**PROBLEM:** When you reach the line with "المشاركة الفعالة للطلاب" in the records below, begin transcribing exactly and continue up to and including the line with "A white 2023", leaving out every picture.

**DATASET EXCERPTS:**
*** Begin section ***

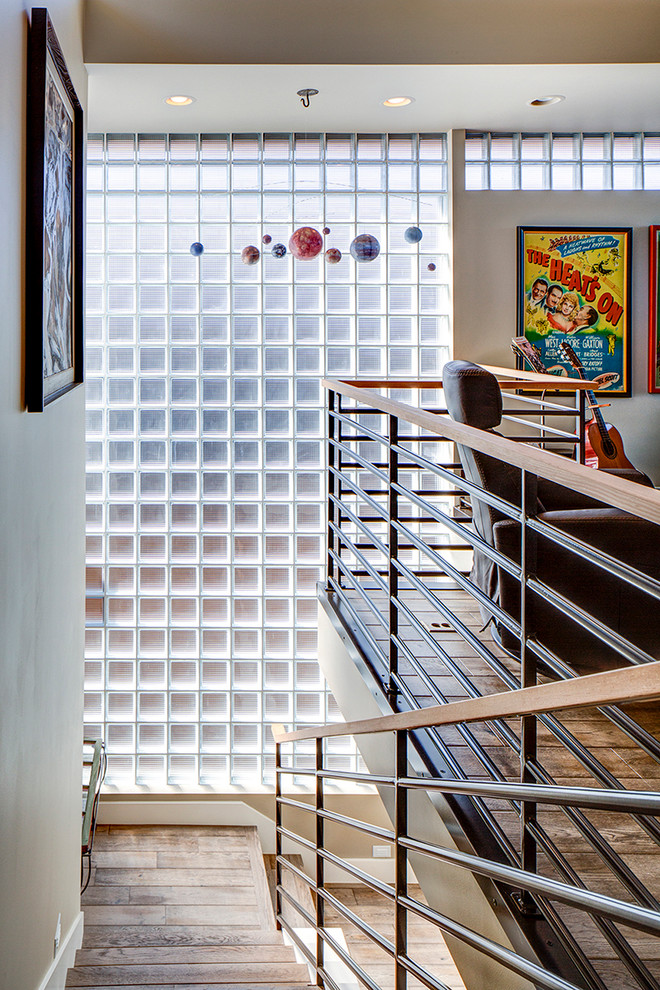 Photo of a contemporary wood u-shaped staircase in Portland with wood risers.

*** End section ***
*** Begin section ***

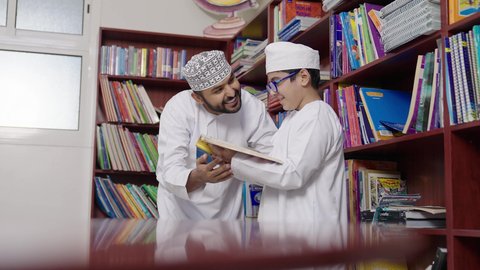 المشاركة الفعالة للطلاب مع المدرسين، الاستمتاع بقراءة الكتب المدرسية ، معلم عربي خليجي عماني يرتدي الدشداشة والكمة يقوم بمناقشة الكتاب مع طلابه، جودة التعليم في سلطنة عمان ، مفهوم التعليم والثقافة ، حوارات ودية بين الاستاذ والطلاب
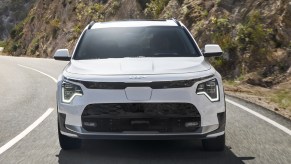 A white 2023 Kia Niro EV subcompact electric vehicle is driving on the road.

*** End section ***

**ANSWER BOX:**
 المشاركة الفعالة للطلاب مع المدرسين، الاستمتاع بقراءة الكتب المدرسية ، معلم عربي خليجي عماني يرتدي الدشداشة والكمة يقوم بمناقشة الكتاب مع طلابه، جودة التعليم في سلطنة عمان ، مفهوم التعليم والثقافة ، حوارات ودية بين الاستاذ والطلاب
 A white 2023 Kia Niro EV subcompact electric vehicle is driving on the road.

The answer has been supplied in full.